(Scraped caption text data)
* * *

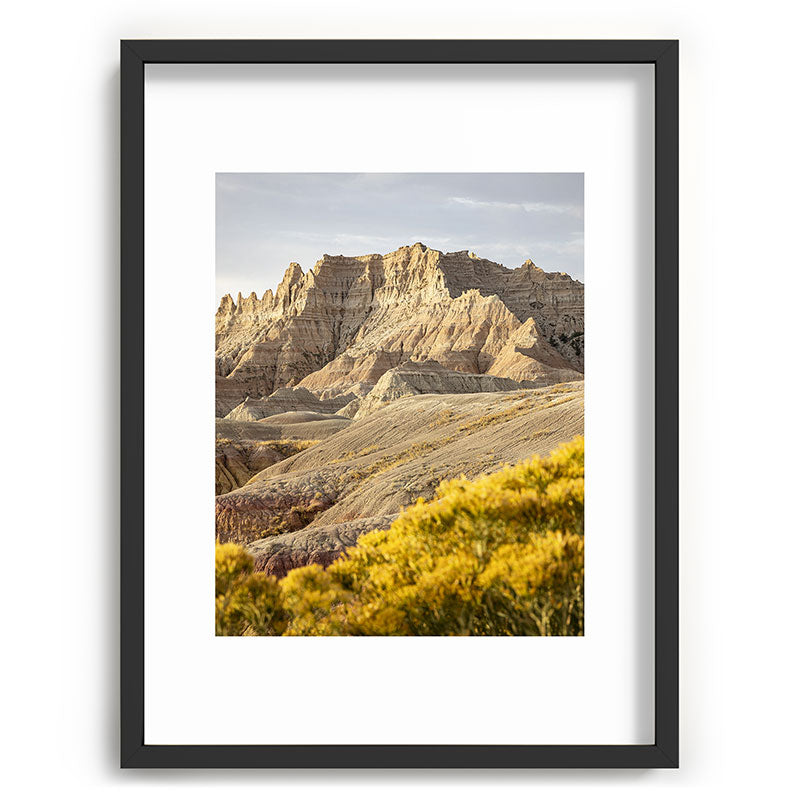 Sunrise over the Badlands x Badlands National Park Photography Framed Art Print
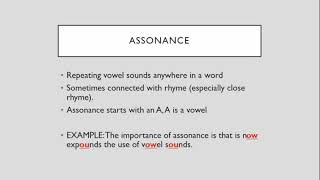 Assonance Consonance and Alliteration [upl. by Aneekas]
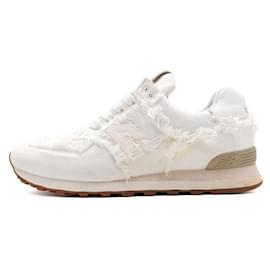 Miu Miu Zapatillas New Balance Denim White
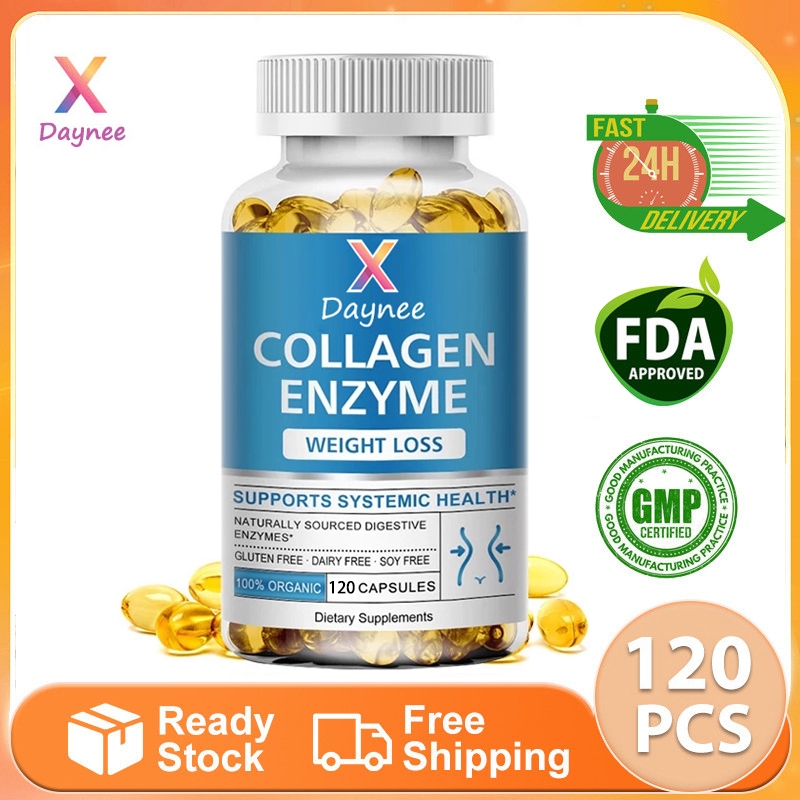 เอนไซม์ คอลลาเจน แคปซูล สําหรับลดน้ําหนัก ส่งเสริมการย่อยอาหาร สลิมมิ่ง และผลิตภัณฑ์ล้างพิษ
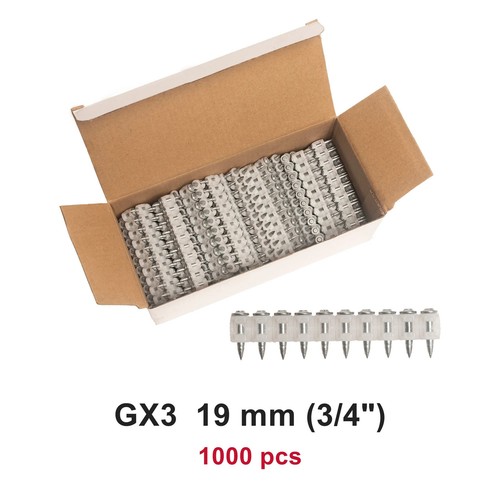 1000x collated concrete - 1000x, nails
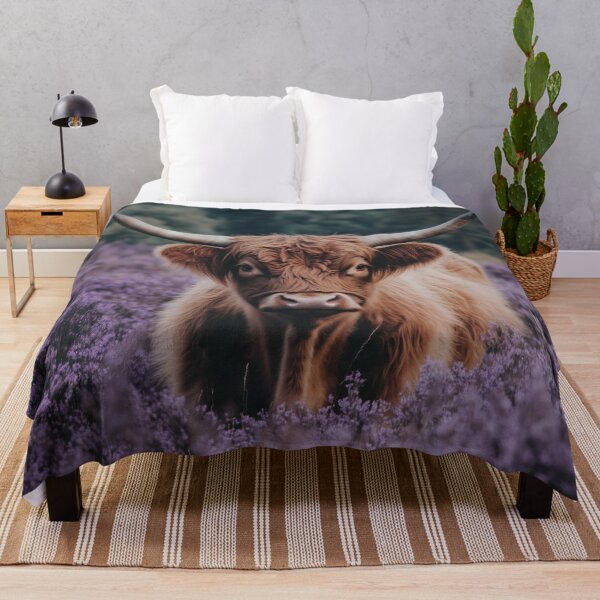 Item preview, Lavender Child | Highland Cow Portrait designed and sold by wildtribe.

* * *

What the task requires – The line containing "Miu Miu Zapatillas New Balance Denim White" marks where the copy ends; print every line before it from the start of the records, and that line too, but no pictures.

Solution –
 Sunrise over the Badlands x Badlands National Park Photography Framed Art Print
 Assonance Consonance and Alliteration [upl. by Aneekas]
 Miu Miu Zapatillas New Balance Denim White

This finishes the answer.